Consumption remains the weakest pocket of the market. Despite positive one-month returns across most consumption segments, the broader Consumption category continued to witness outflows in June. FMCG remains among the weakest-performing themes, down 12.4% year-to-date, reflecting continued caution toward the sector.
 
Global markets also reflected a meaningful shift in investor positioning during June. South Korea, one of the strongest-performing markets earlier this year, witnessed a sharp reversal as AI-related trades unwound.

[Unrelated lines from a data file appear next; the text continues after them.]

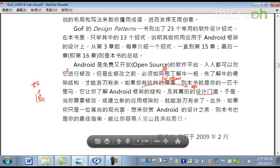那也就是說，如果你是一個高尚的觀光客，想來欣賞Android的設計之美。那麼，本書就是你的最佳的指導，讓你更容易地欣賞到Android背後的設計的結構，以及它的美感，以及它的設計師的思維。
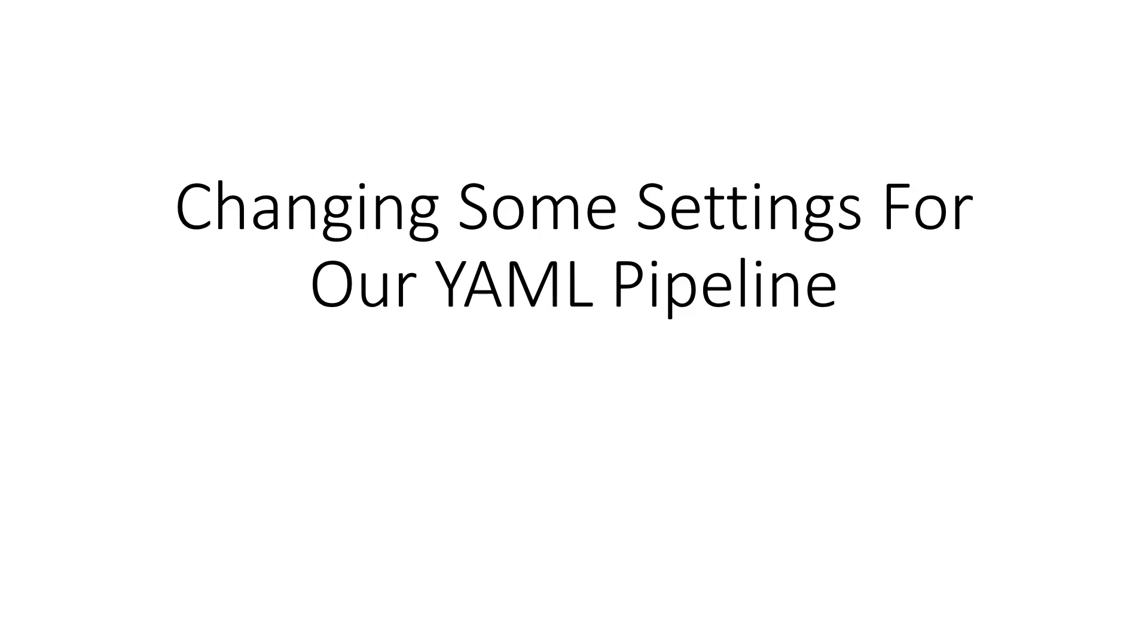Hi, I'm Mickey Gousset. Welcome to this video on changing some settings for our YAML pipeline.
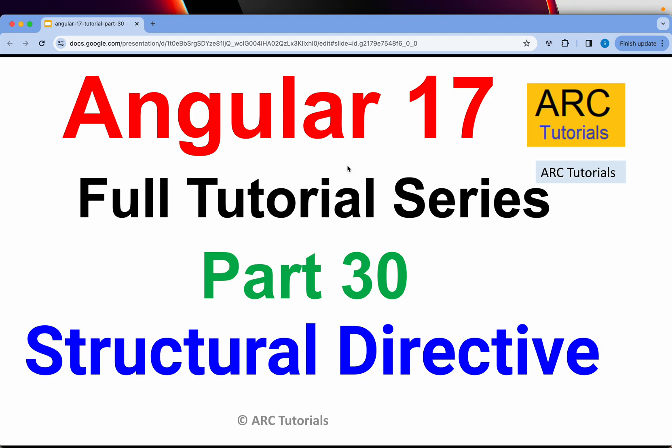Welcome back to ARK Tutorials. This is Angular 17 full tutorial series for absolute beginners as well as expert developers joining us from previous versions of Angular. There are a lot of breaking changes and additional changes in Angular 17 which are not there in previous versions of Angular.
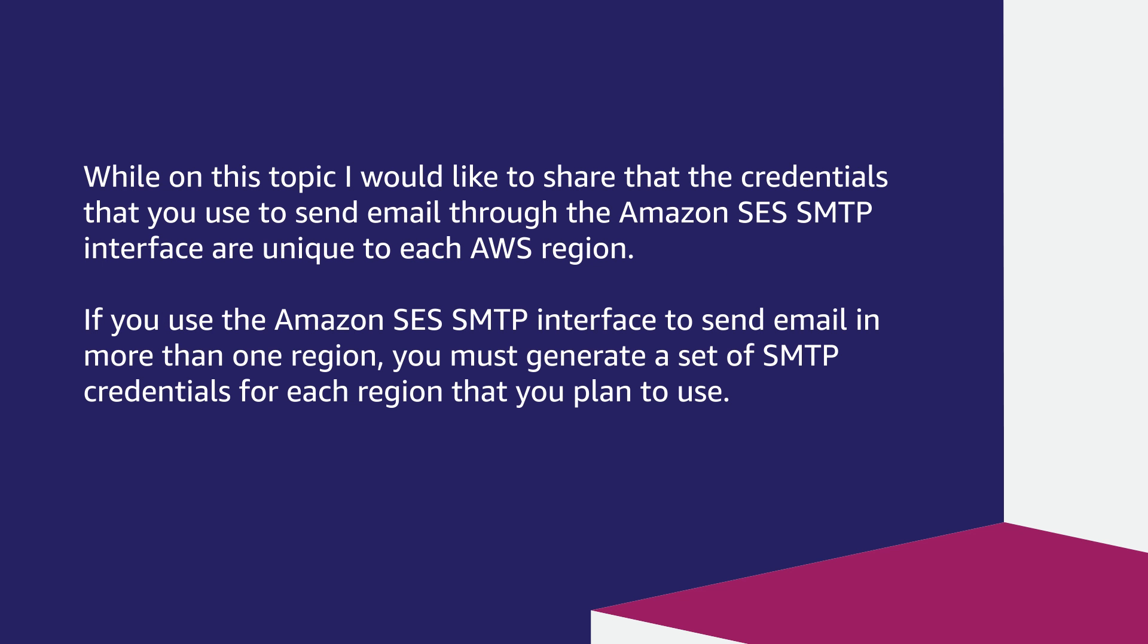If you use the Amazon SES SMTP interface to send email in more than one region, you must generate a set of SMTP credentials for each region that you plan to use.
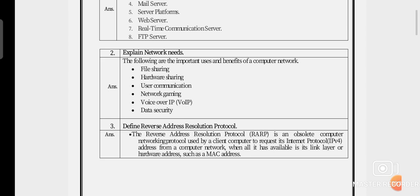This question was asked in the GTU exam carrying 2 marks. Once again, revise 'explain network needs.' You have to write down: the following are the important uses and benefits of the computer network — file sharing, hardware sharing, user communication, network printing, network gaming, Voice over IP (VoIP), and data security.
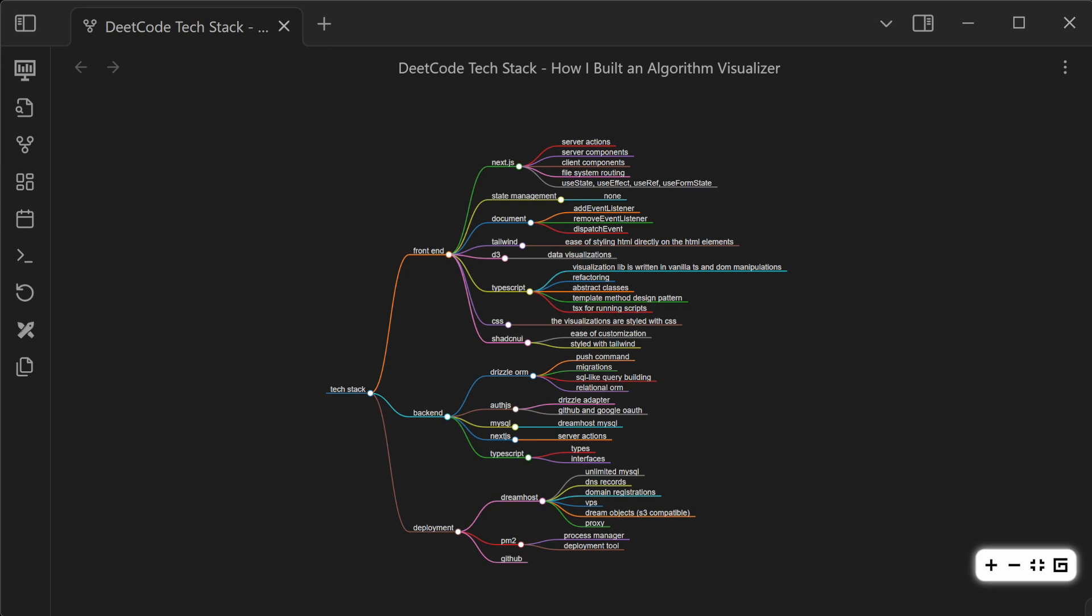Anyways, this is the tech stack for DeetCode. I hope you found that interesting. Thanks for watching. I'll see you next time.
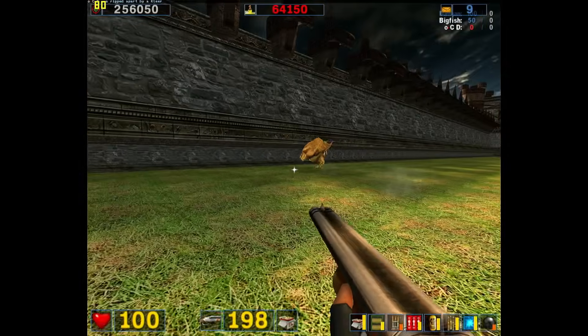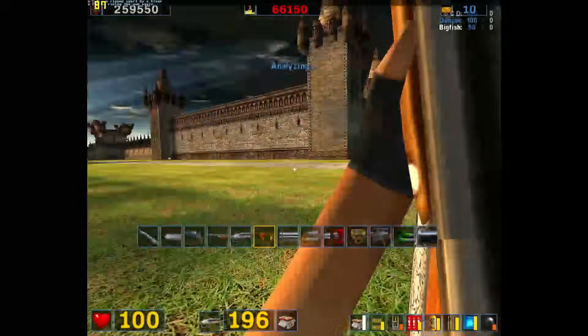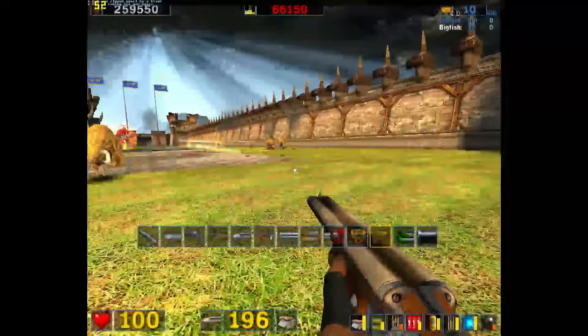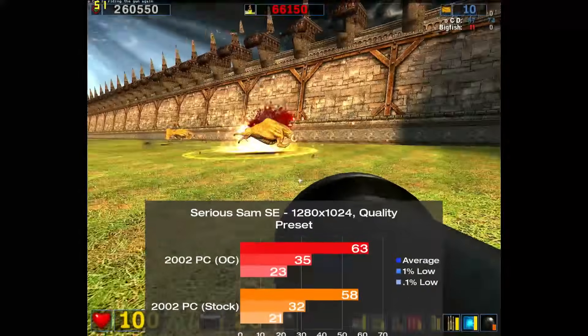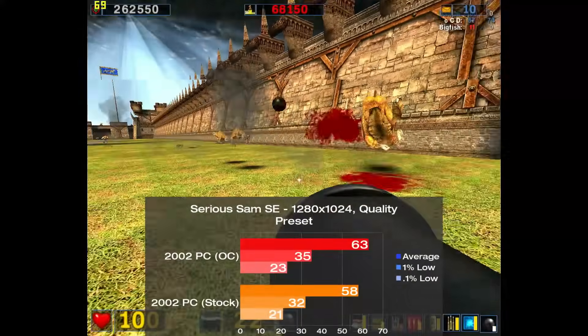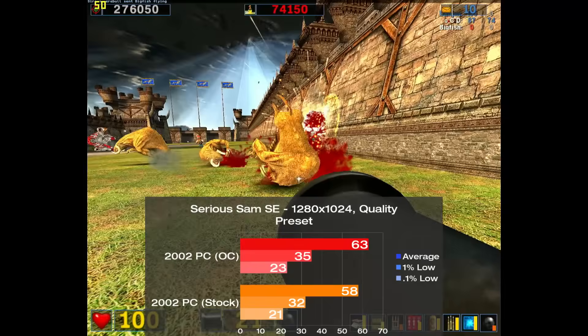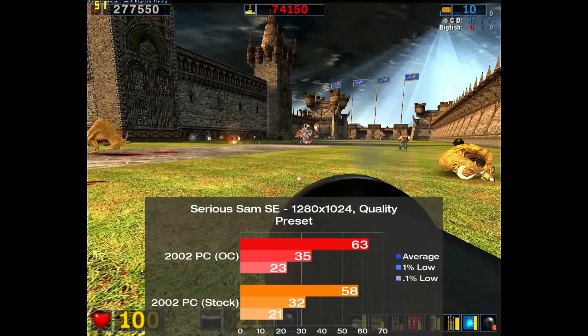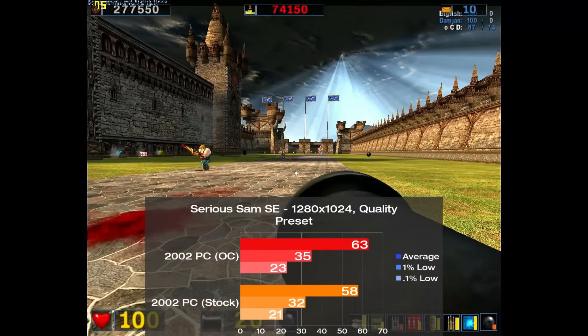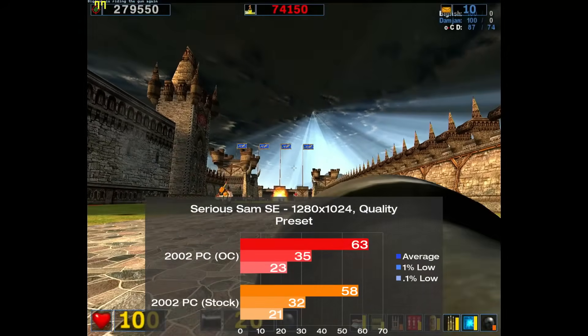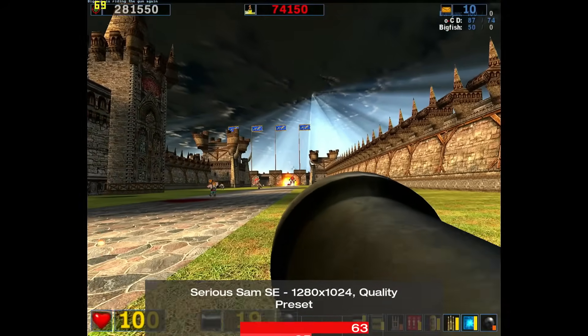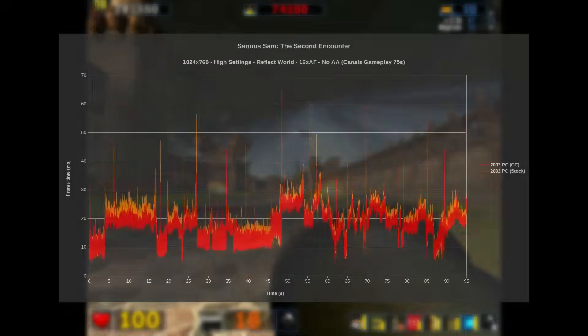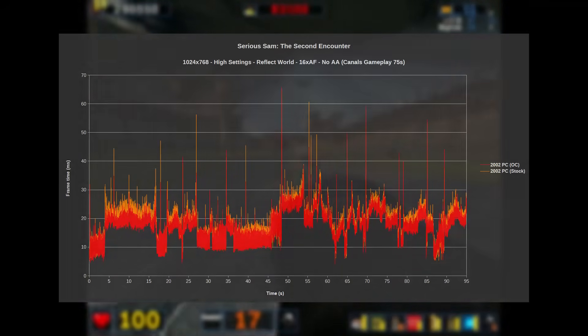Starting off with DirectX 8 era titles, our first game up is Serious Sam the Second Encounter, and I benched a 95 second long built-in demo with the quality preset. The system put down 58 frames per second on average, and overclocked this jumped up 9% putting us just above the 60fps mark. Frame times were okay with a handful of moderate swings being the only thing to note here.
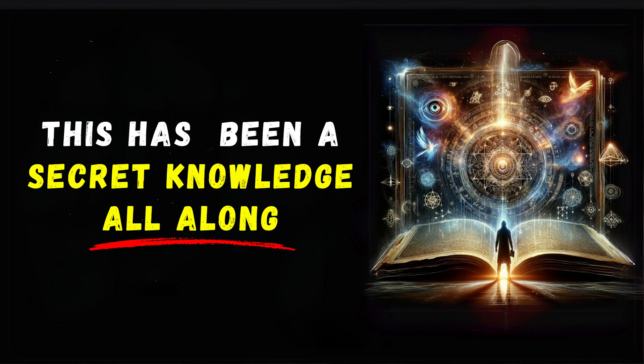It's an internal compass guiding you towards the right path, even when the road ahead seems uncertain. Your intuition is your subconscious mind communicating with you, using symbols, feelings and perceptions that are often dismissed by your conscious, logical mind.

The Korea ETF (EWY) declined 19% during the month after gaining 77% year-to-date, while Korean semiconductor stocks fell 31.5%, indicating profit booking in one of the world’s most crowded investment themes.
 
At the same time, capital rotated towards sectors with stronger earnings visibility. Genomics (+21.1%), Biotech (+16.2%), Cybersecurity (+13.7%) and Insurance (+10.7%) emerged among the better-performing global themes. Even within semiconductors, China’s STAR Chip ETF (+24.4%) outperformed its Korean peers, highlighting an evolving regional and geopolitical shift in investor allocations.
 
Across global markets, Brazil (+18% YTD) and Japan (+25% YTD) continued to outperform, underscoring that capital is increasingly becoming selective across countries, sectors and investment themes rather than moving uniformly across global equities.
 
Overall, the June data indicates that while headline flows remain healthy, investor preferences are becoming increasingly selective across market segments and sectors.